» Information
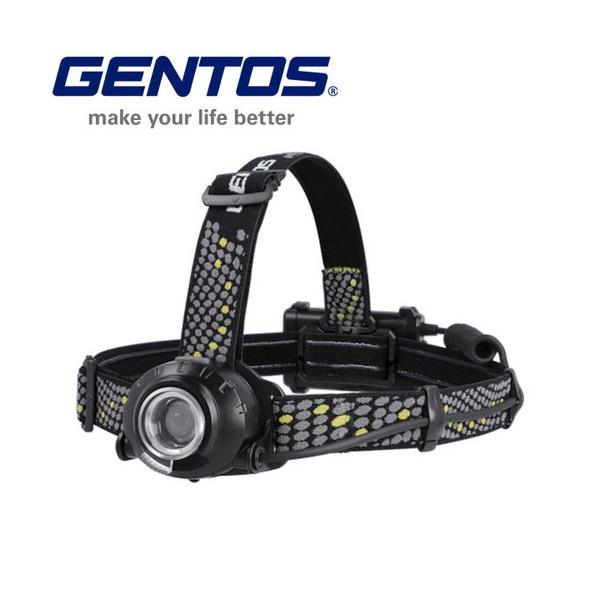 GENTOS ジェントス LEDヘッドライト ヘッドウォーズ HLP-2101 耐塵 防滴 可動式 ヘッド 後部 認識 乾電池 充電池 兼用 安全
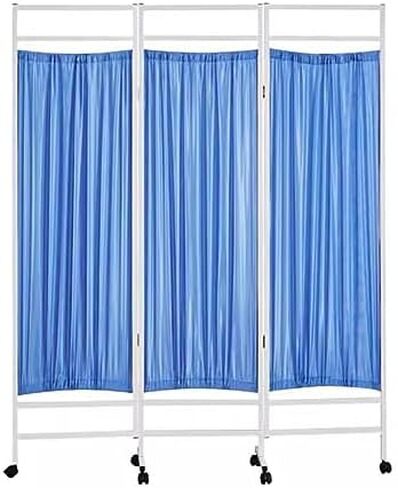 Foldable Privacy Screen with 360° Rolling Wheels - Adjustable Room Divider for Offices & Salons, Portable Versatile Design for Enhanced Privacy and Space Management in Saudi Arabia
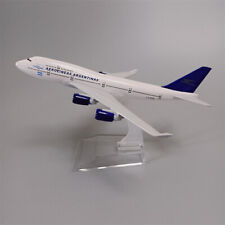 Airplane Model Plane Air Aerolineas Argentinas Boeing B747 Aircraft Model 16cm picture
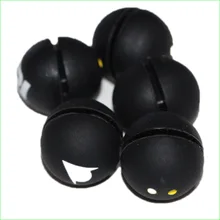 3pcs/Lot Black Spheroidal Tennis Racket Shock Absorber to Reduce Tennis Racquet Vibration Good Quality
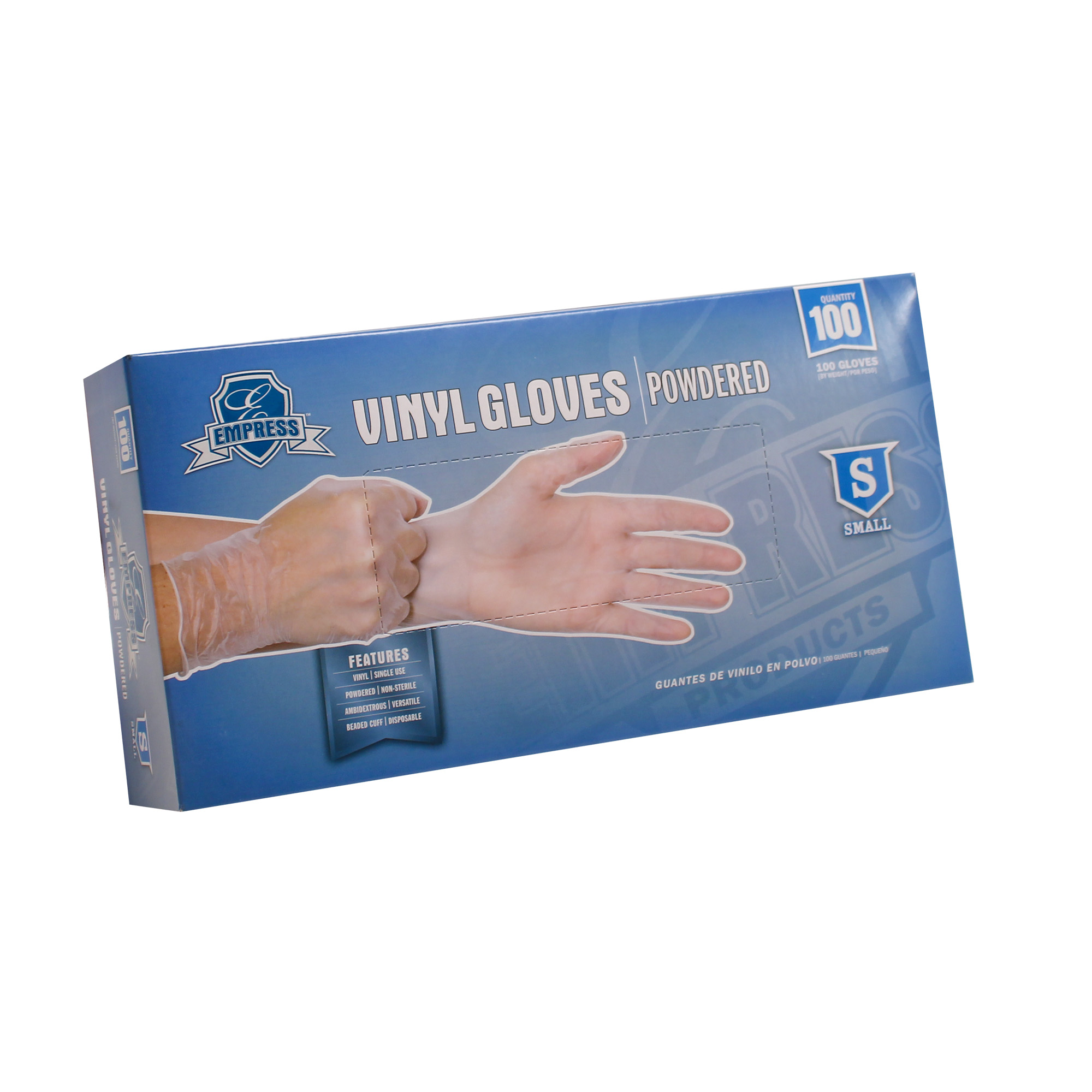 Empress Vinyl Glove Powdered Small 10 / 100 cs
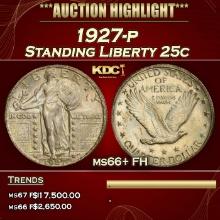 1927-p Standing Liberty Quarter 25c ms66+ FH SEGS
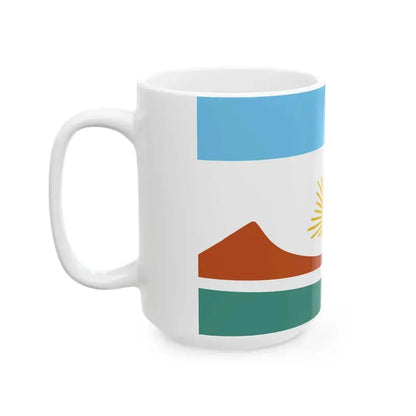 Bandera del Departamento San Rafael (Argentina) White Coffee Mug - Go Mug Yourself
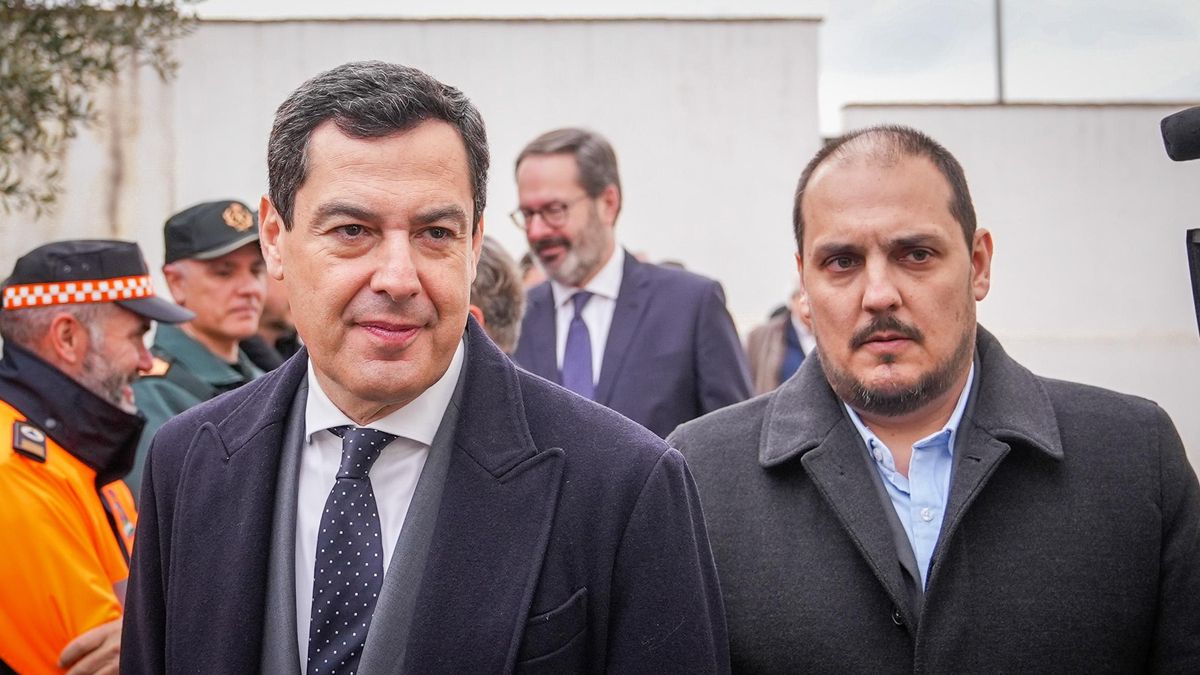 Juanma Moreno y Rafael Moreno, en Adamuz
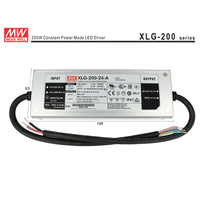 Alimentatore Trasformatore MW MEAN WELL Impermeabile IP67 24V 200W 8,3A XLG-200-24-A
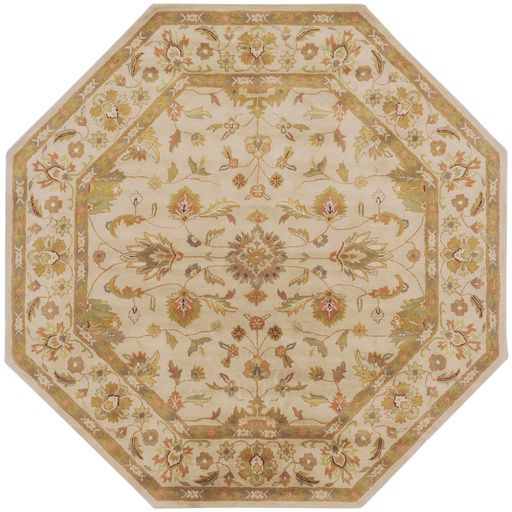 Surya Crowne Beige 8' Octogon Area Rug-0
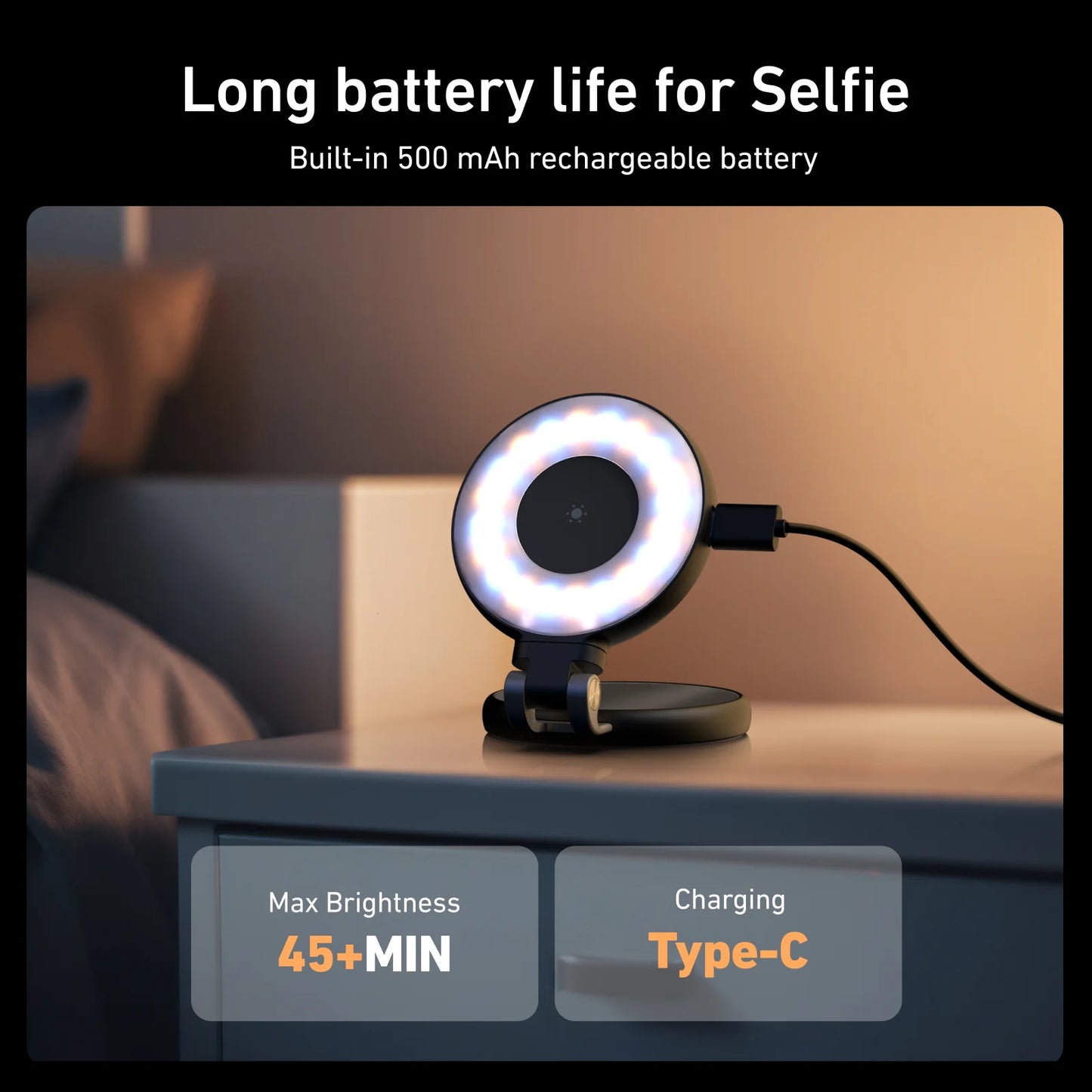 Glow Snap - Magnetic Selfie Light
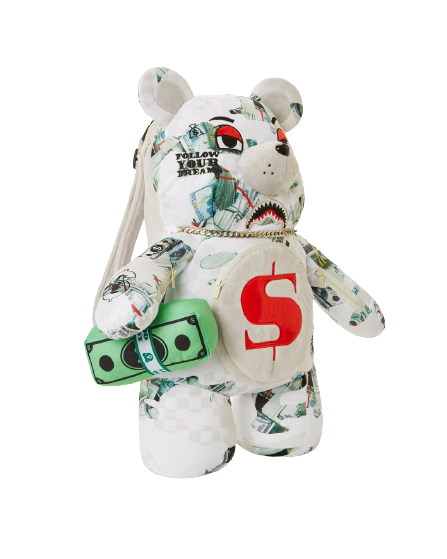 Sprayground Powder 3AM Money Bear Bag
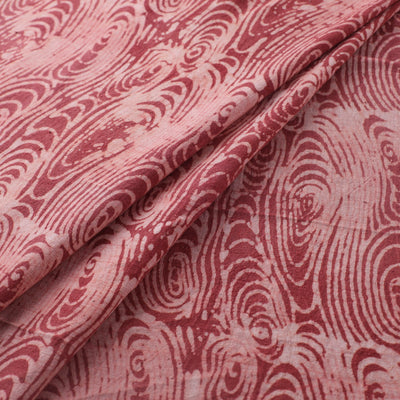 Red - Authentic Kutch Hand Block Batik Print Pure Handwoven Natural Dyed Kala Cotton Fabric 60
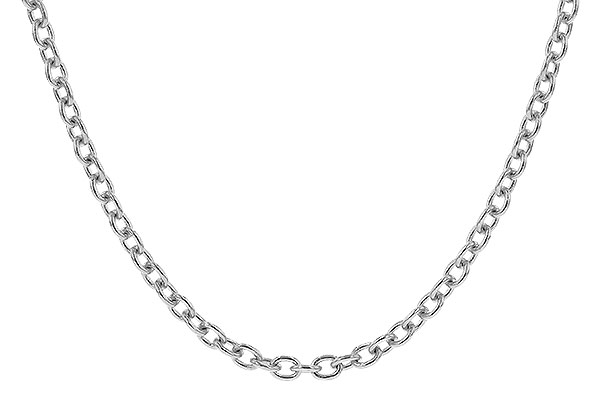A273-97672: CABLE CHAIN (20IN, 1.3MM, 14KT, LOBSTER CLASP)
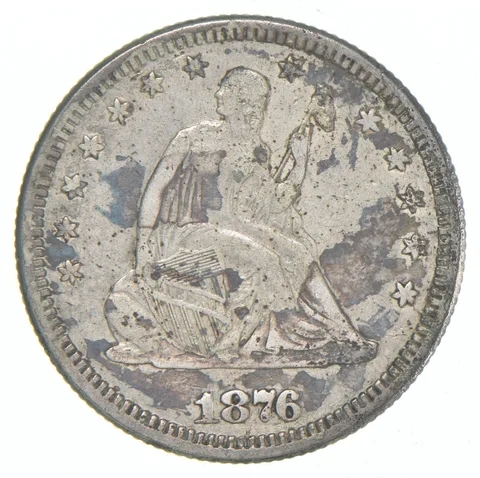 1876 Seated Liberty Quarter *6042
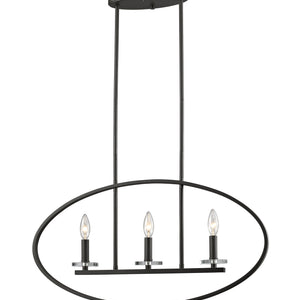 Verona 3 Light Linear Chandelier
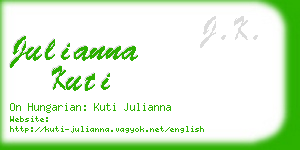 julianna kuti business card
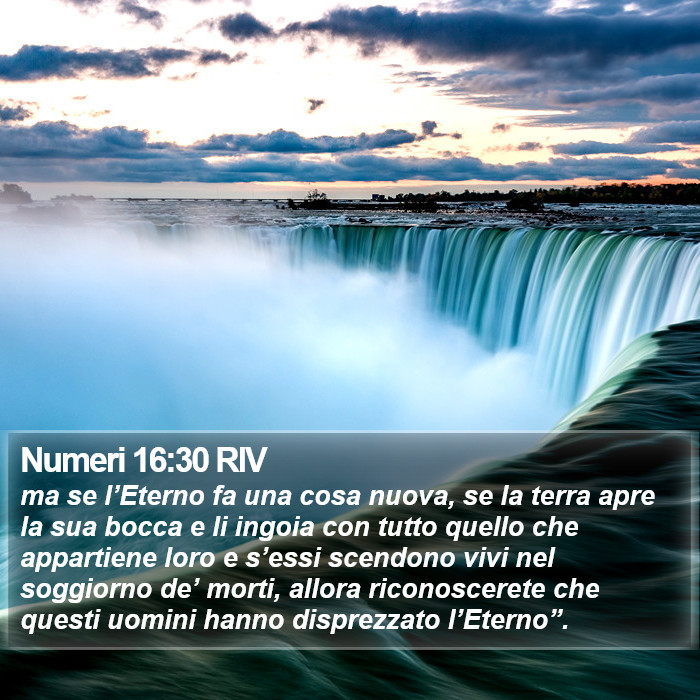 Numeri 16:30 RIV Bible Study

» Directions
From the material above, output every line exactly as written, dropping any picture.

» Result of this task
 GENTOS ジェントス LEDヘッドライト ヘッドウォーズ HLP-2101 耐塵 防滴 可動式 ヘッド 後部 認識 乾電池 充電池 兼用 安全
 Foldable Privacy Screen with 360° Rolling Wheels - Adjustable Room Divider for Offices & Salons, Portable Versatile Design for Enhanced Privacy and Space Management in Saudi Arabia
 Airplane Model Plane Air Aerolineas Argentinas Boeing B747 Aircraft Model 16cm picture
 3pcs/Lot Black Spheroidal Tennis Racket Shock Absorber to Reduce Tennis Racquet Vibration Good Quality
 Empress Vinyl Glove Powdered Small 10 / 100 cs
 1927-p Standing Liberty Quarter 25c ms66+ FH SEGS
 Bandera del Departamento San Rafael (Argentina) White Coffee Mug - Go Mug Yourself
 Juanma Moreno y Rafael Moreno, en Adamuz
 Alimentatore Trasformatore MW MEAN WELL Impermeabile IP67 24V 200W 8,3A XLG-200-24-A
 Surya Crowne Beige 8' Octogon Area Rug-0
 Glow Snap - Magnetic Selfie Light
 Sprayground Powder 3AM Money Bear Bag
 Red - Authentic Kutch Hand Block Batik Print Pure Handwoven Natural Dyed Kala Cotton Fabric 60
A273-97672: CABLE CHAIN (20IN, 1.3MM, 14KT, LOBSTER CLASP)
 1876 Seated Liberty Quarter *6042
 Verona 3 Light Linear Chandelier
 julianna kuti business card
 Numeri 16:30 RIV Bible Study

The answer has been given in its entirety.